Work to be completed:
In the entries that follow, repeat exactly the lines from the one that has "256 Kinross Circle" through the one that has "4932 OLDE KERRY DR, ORLANDO, FL, 32837", but omit pictures.

┌──

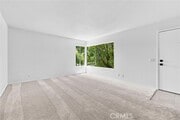 Photo - 128 Clearbrook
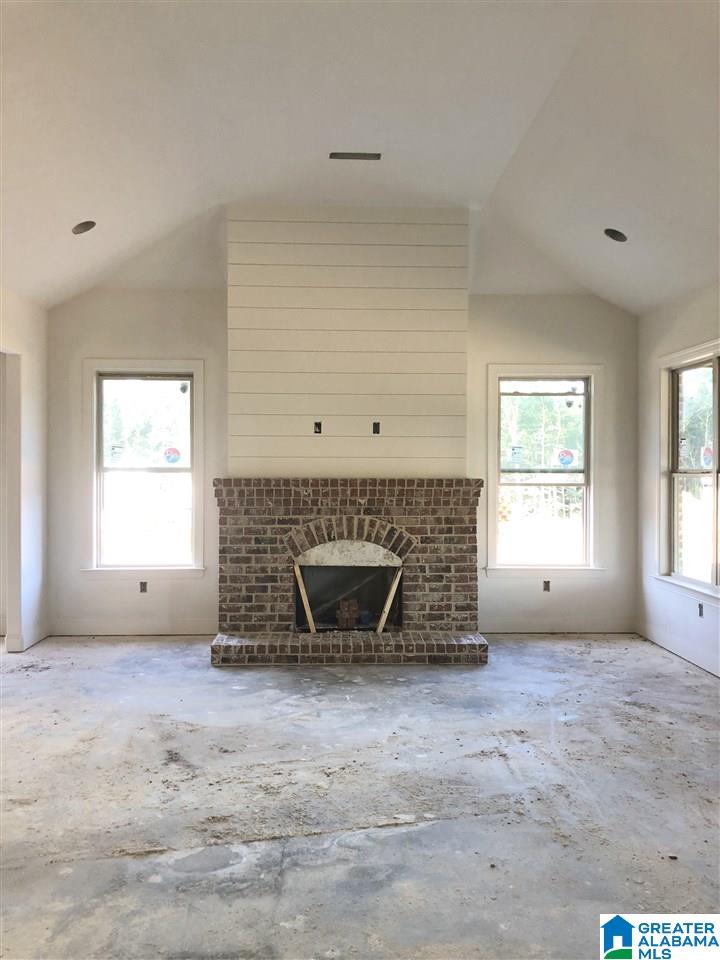 256 Kinross Circle Pelham, AL 35124 - Photo 3 of 7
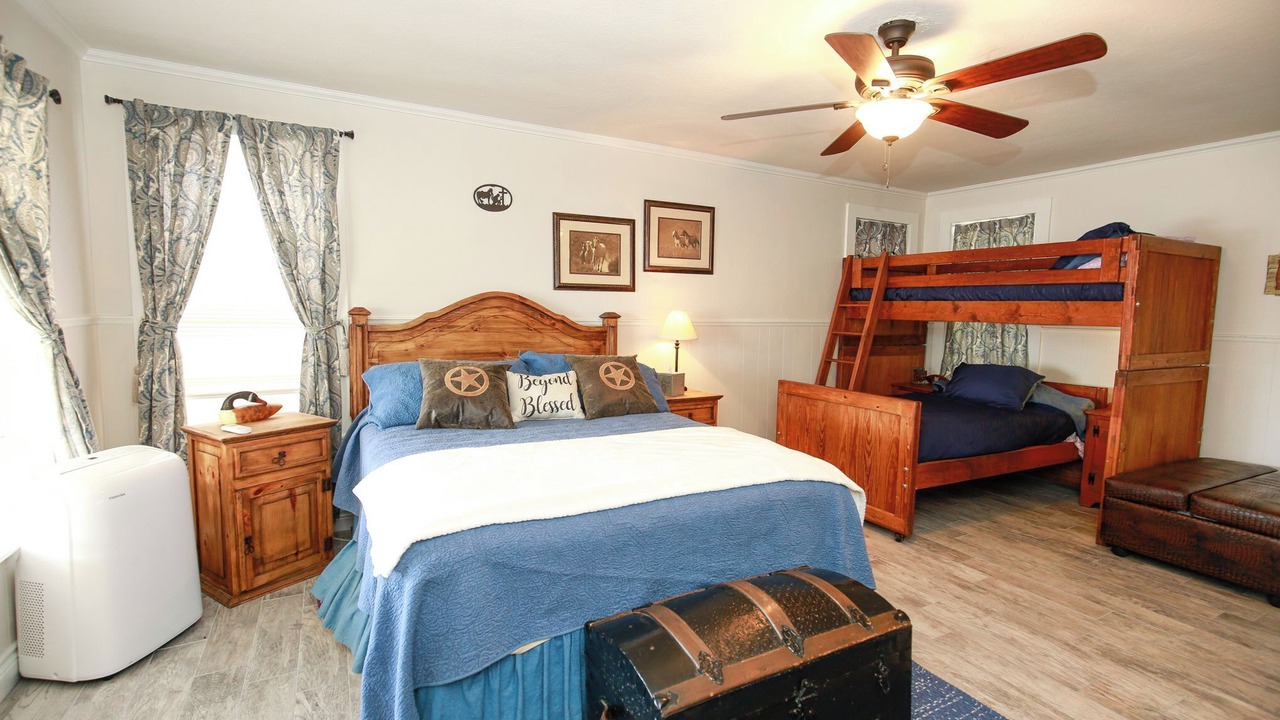 Photo of Bedroom in Marble Falls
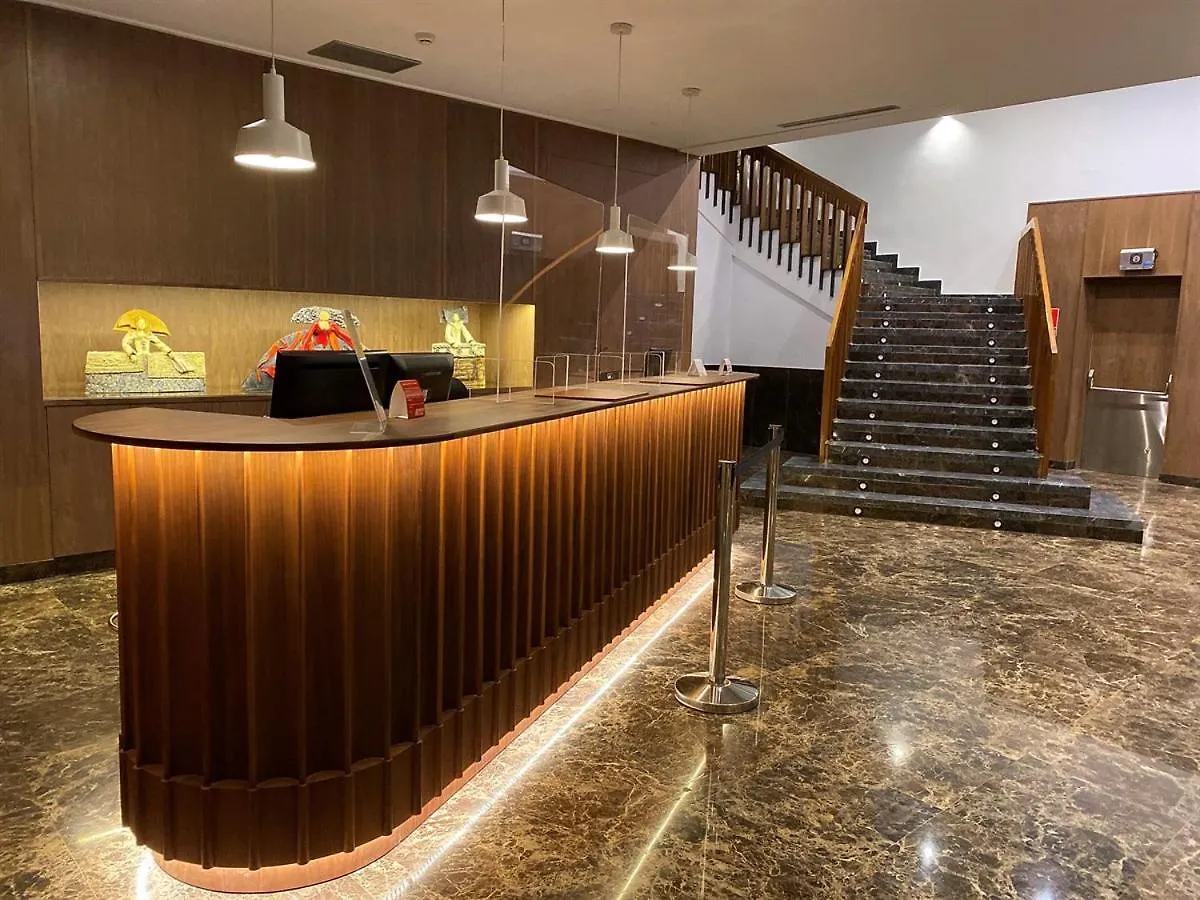 Alojarte en España: 15 Hoteles Céntricos Comparados
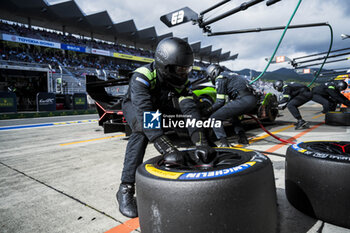 2024-09-15 - 63 BORTOLOTTI Mirko (ita), MORTARA Edoardo (swi), KVYAT Daniil (ita), Lamborghini Iron Lynx, Lamborghini SC63 #63, Hypercar, pitstop, arrêt aux stands during the 2024 6 Hours of Fuji, 7th round of the 2024 FIA World Endurance Championship, from September 13 to 15, 2024 on the Fuji Speedway in Oyama, Shizuoka, Japan - FIA WEC - 6 HOURS OF FUJI 2024 - ENDURANCE - MOTORS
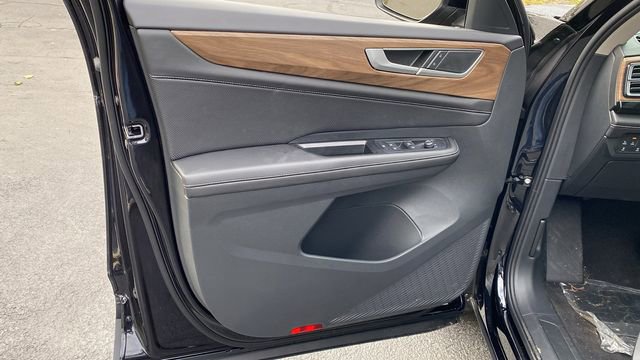 New 2026 Volkswagen Atlas SE image 19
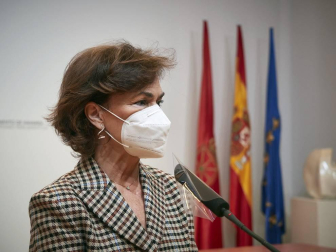 La vicepresidenta primera del Gobierno, Carmen Calvo, ha participado en la entrega de declaraciones de reparación y reconocimiento personal a 20 víctimas de la represión del franquismo en Navarra llevada a cabo en el Parlamento foral.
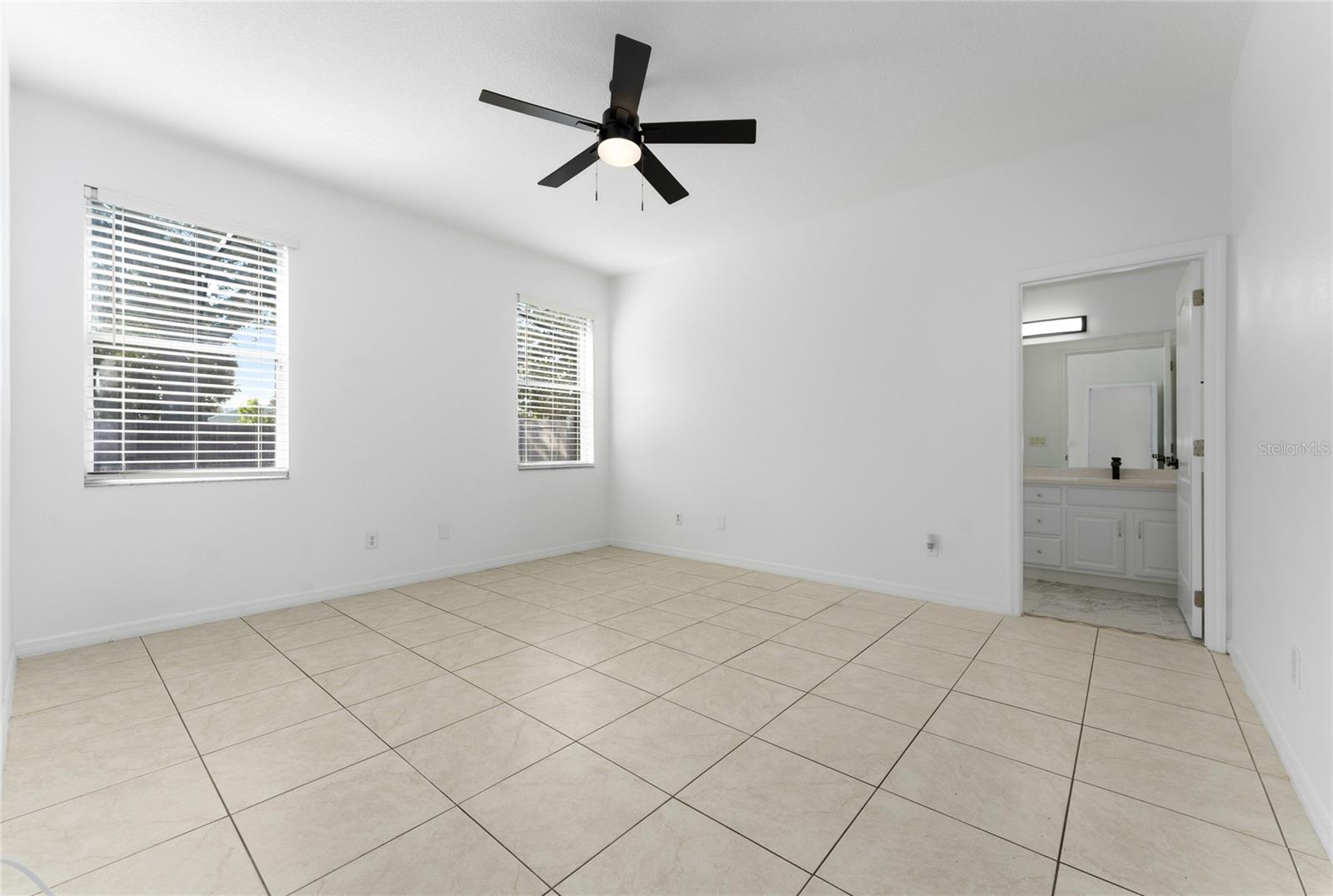 4932 OLDE KERRY DR, ORLANDO, FL, 32837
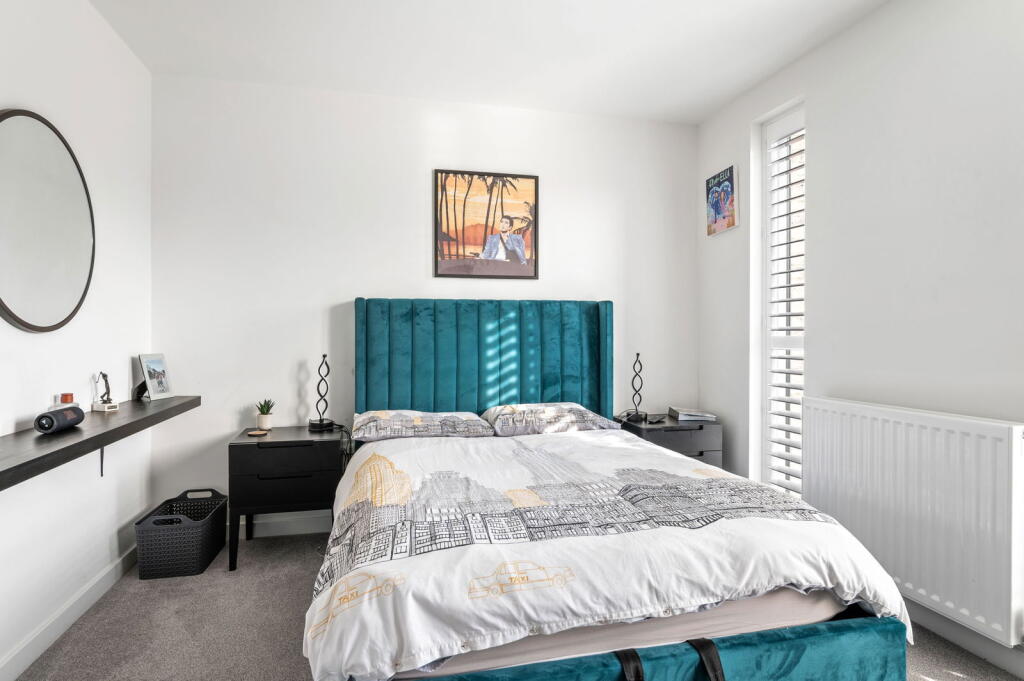 Additional property image - Great Warley, Brentwood, CM13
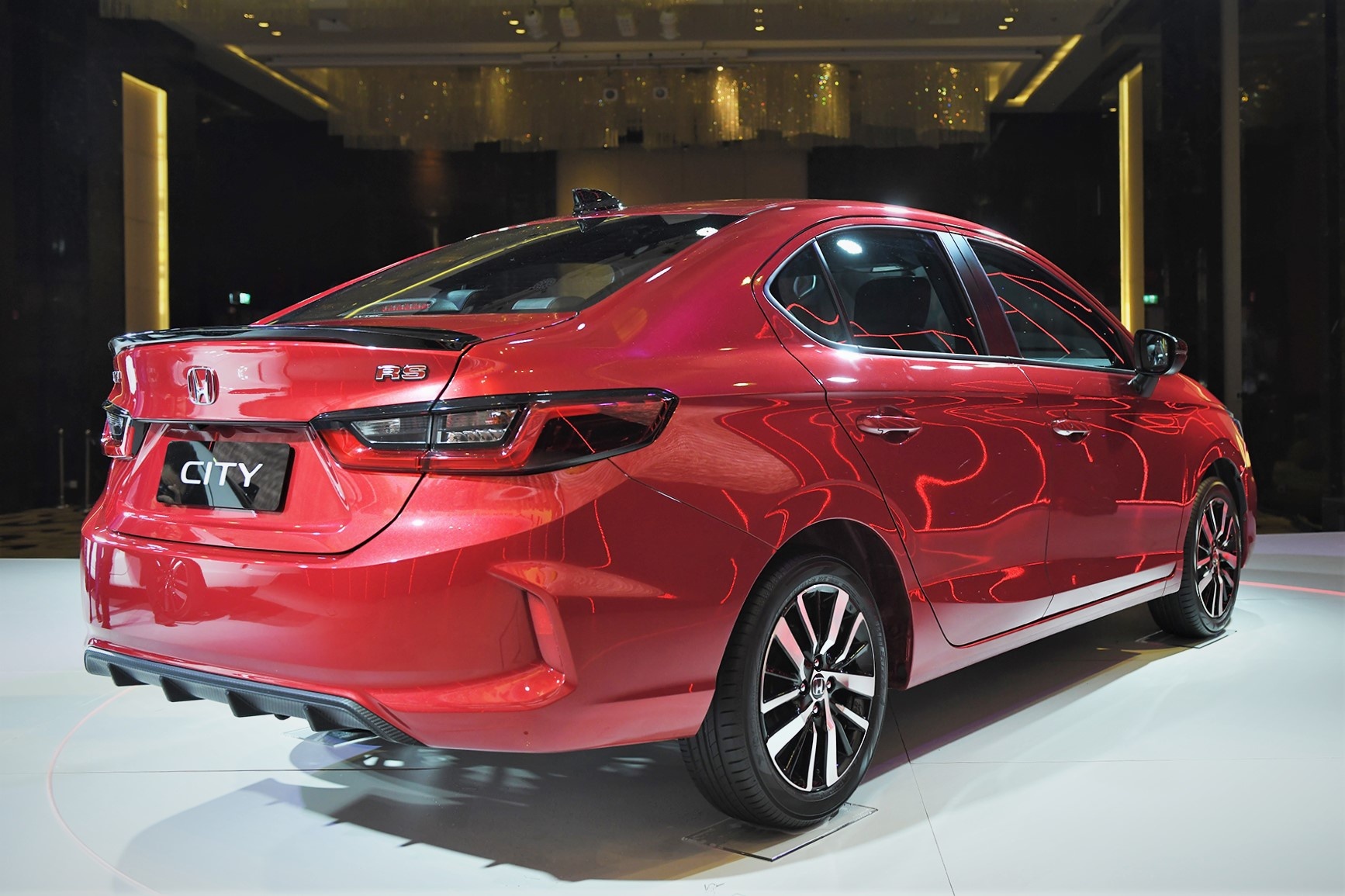 So sánh Honda City 2021 và Mazda2 2020 ảnh 5 So sanh Honda City 2021 va Mazda2 2020 anh 5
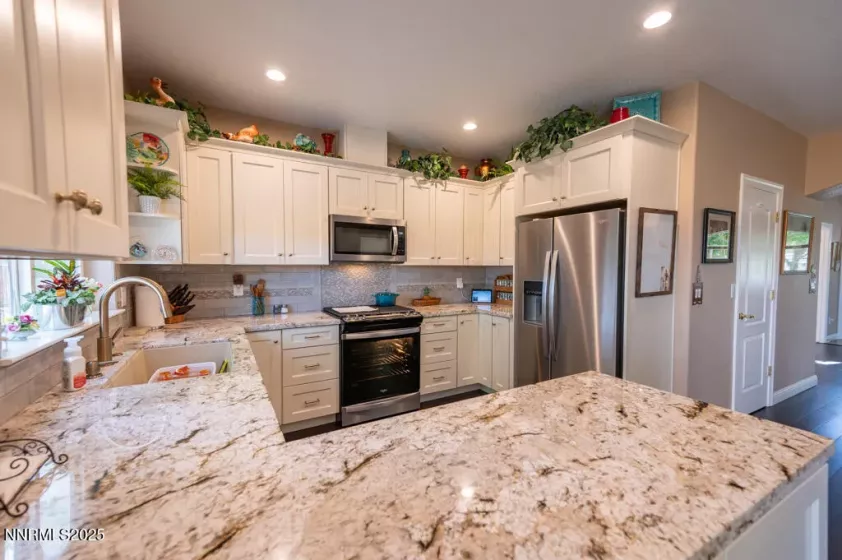 1459 Cardiff, Gardnerville, Nevada 89410, 3 Bedrooms Bedrooms, ,2 BathroomsBathrooms,Residential,Residential,Cardiff,250053987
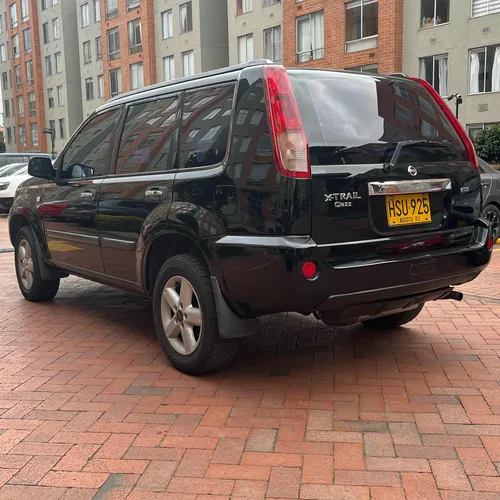 Nissan Xtrail 2.5 T31 Xtronic Cvt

└──

Response to this exercise:
 256 Kinross Circle Pelham, AL 35124 - Photo 3 of 7
 Photo of Bedroom in Marble Falls
 Alojarte en España: 15 Hoteles Céntricos Comparados
 2024-09-15 - 63 BORTOLOTTI Mirko (ita), MORTARA Edoardo (swi), KVYAT Daniil (ita), Lamborghini Iron Lynx, Lamborghini SC63 #63, Hypercar, pitstop, arrêt aux stands during the 2024 6 Hours of Fuji, 7th round of the 2024 FIA World Endurance Championship, from September 13 to 15, 2024 on the Fuji Speedway in Oyama, Shizuoka, Japan - FIA WEC - 6 HOURS OF FUJI 2024 - ENDURANCE - MOTORS
 New 2026 Volkswagen Atlas SE image 19
 La vicepresidenta primera del Gobierno, Carmen Calvo, ha participado en la entrega de declaraciones de reparación y reconocimiento personal a 20 víctimas de la represión del franquismo en Navarra llevada a cabo en el Parlamento foral.
 4932 OLDE KERRY DR, ORLANDO, FL, 32837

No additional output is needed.